# Comprehensive Guide to Pydantic for LLM Workflows

This notebook provides a hands-on guide to using Pydantic for structuring and validating LLM outputs. We'll explore core concepts, practical examples, and best practices for building robust weather data processing applications.

## Setup and Installation

First, let's install the required packages and set up our AWS Bedrock connection.

In [None]:
# Install required packages
!pip install pydantic boto3 langchain-aws email-validator python-dateutil

In [None]:
# Import necessary libraries
import os
import json
import boto3
from datetime import datetime, date
from typing import Optional, List, Literal
from enum import Enum

from pydantic import BaseModel, EmailStr, Field, HttpUrl, ValidationError, validator
from langchain_aws import ChatBedrock
from google.colab import userdata

print("✓ All imports successful")

In [None]:
# Configure AWS credentials using Colab secrets
AWS_ACCESS_KEY_ID = userdata.get('awsid')
AWS_SECRET_ACCESS_KEY = userdata.get('awssecret')
AWS_REGION = "us-east-1"

# Initialize Bedrock client
bedrock_runtime = boto3.client(
    service_name='bedrock-runtime',
    region_name=AWS_REGION,
    aws_access_key_id=AWS_ACCESS_KEY_ID,
    aws_secret_access_key=AWS_SECRET_ACCESS_KEY
)

# Set up the Bedrock model (using Amazon Nova Lite for cost-effectiveness)
llm = ChatBedrock(
    client=bedrock_runtime,
    model_id="amazon.nova-lite-v1:0",
    model_kwargs={
        "temperature": 0,
        "max_tokens": 4096
    }
)

print("✓ AWS Bedrock client initialized")
print(f"✓ Using model: amazon.nova-lite-v1:0")

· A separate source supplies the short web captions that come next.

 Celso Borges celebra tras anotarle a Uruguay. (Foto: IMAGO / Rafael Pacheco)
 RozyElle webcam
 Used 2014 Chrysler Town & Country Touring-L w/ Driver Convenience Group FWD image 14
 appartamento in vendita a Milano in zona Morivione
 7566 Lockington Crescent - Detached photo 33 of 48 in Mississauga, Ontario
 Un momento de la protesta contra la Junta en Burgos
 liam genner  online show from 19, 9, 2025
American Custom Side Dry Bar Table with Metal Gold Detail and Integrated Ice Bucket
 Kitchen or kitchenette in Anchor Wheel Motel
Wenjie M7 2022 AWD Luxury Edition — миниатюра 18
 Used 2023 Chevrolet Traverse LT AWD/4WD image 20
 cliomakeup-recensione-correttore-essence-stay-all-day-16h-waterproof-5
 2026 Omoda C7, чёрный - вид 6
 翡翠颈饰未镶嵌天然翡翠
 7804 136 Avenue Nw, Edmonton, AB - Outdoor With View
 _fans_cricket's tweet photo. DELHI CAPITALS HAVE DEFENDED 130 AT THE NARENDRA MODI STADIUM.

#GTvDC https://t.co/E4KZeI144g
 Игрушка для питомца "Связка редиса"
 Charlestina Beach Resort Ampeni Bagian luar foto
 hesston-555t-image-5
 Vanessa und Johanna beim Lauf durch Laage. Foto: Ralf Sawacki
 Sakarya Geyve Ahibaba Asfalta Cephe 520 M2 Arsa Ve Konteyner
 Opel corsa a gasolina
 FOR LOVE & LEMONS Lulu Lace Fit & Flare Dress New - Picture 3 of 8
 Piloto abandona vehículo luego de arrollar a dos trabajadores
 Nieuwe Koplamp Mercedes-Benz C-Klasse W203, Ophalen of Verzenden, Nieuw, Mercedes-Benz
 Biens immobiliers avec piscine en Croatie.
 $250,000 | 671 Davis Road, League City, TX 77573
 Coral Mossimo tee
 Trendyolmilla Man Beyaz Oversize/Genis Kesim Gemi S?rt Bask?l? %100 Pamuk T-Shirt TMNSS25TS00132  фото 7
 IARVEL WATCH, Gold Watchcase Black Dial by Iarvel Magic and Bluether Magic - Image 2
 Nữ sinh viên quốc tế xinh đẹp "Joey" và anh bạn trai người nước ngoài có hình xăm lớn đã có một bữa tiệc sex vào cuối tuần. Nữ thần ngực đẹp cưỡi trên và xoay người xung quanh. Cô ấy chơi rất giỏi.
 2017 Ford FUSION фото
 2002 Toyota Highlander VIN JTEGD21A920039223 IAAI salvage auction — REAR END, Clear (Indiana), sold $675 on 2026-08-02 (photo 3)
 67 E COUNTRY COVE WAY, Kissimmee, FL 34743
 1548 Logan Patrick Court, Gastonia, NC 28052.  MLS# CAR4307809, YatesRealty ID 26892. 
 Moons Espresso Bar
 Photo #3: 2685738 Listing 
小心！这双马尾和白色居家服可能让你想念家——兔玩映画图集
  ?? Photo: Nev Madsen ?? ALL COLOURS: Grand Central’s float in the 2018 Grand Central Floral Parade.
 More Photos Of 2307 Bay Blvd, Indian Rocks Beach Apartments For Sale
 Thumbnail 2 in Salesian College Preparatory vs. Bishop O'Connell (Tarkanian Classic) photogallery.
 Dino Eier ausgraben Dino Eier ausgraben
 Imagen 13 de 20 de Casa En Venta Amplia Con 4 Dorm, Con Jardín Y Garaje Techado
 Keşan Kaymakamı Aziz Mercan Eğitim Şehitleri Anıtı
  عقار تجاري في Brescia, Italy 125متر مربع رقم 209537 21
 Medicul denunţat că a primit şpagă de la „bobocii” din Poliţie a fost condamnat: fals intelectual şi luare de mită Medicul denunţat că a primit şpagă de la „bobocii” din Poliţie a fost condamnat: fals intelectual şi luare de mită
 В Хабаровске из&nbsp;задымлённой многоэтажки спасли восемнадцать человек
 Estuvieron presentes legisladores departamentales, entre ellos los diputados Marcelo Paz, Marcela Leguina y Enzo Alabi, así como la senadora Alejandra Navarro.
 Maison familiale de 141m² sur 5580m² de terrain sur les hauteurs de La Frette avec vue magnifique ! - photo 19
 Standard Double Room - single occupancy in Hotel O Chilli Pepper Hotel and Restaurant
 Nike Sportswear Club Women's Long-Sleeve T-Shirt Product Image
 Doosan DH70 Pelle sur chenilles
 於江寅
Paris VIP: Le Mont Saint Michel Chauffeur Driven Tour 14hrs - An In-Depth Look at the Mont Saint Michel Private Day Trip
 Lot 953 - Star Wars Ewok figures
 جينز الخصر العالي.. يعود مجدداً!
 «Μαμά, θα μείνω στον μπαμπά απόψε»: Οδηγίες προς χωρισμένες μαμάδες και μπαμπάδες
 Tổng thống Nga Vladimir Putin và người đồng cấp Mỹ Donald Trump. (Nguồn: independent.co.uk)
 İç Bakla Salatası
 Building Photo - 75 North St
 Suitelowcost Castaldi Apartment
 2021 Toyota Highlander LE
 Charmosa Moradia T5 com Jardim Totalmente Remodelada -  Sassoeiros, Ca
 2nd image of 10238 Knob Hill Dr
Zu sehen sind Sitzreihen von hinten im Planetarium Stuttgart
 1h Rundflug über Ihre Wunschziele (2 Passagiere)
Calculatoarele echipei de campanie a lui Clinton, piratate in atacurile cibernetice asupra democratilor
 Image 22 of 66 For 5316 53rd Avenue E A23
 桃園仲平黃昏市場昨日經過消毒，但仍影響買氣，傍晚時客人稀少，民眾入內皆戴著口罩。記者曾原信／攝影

## 1. Introduction and Context

### The Challenge of Structured Output from LLMs

When working with Large Language Models (LLMs), one of the fundamental challenges is obtaining structured, predictable output that can be reliably processed by downstream systems. While you can simply ask an LLM to format its response in a particular way (like JSON), the results are often unpredictable:

**Common Issues:**
- Extra text outside the JSON structure (e.g., "Here's the JSON output you requested:")
- Markdown formatting (triple backticks around JSON)
- Missing or incorrectly formatted fields
- Invalid data types

### Why Pydantic?

Pydantic provides a robust solution by allowing you to:
1. Define explicit data models with field names and types
2. Validate LLM responses against these models
3. Catch and handle validation errors systematically
4. Ensure data consistency throughout your application

## 2. Basic Pydantic Models

Let's start by creating simple Pydantic models and understanding how they work.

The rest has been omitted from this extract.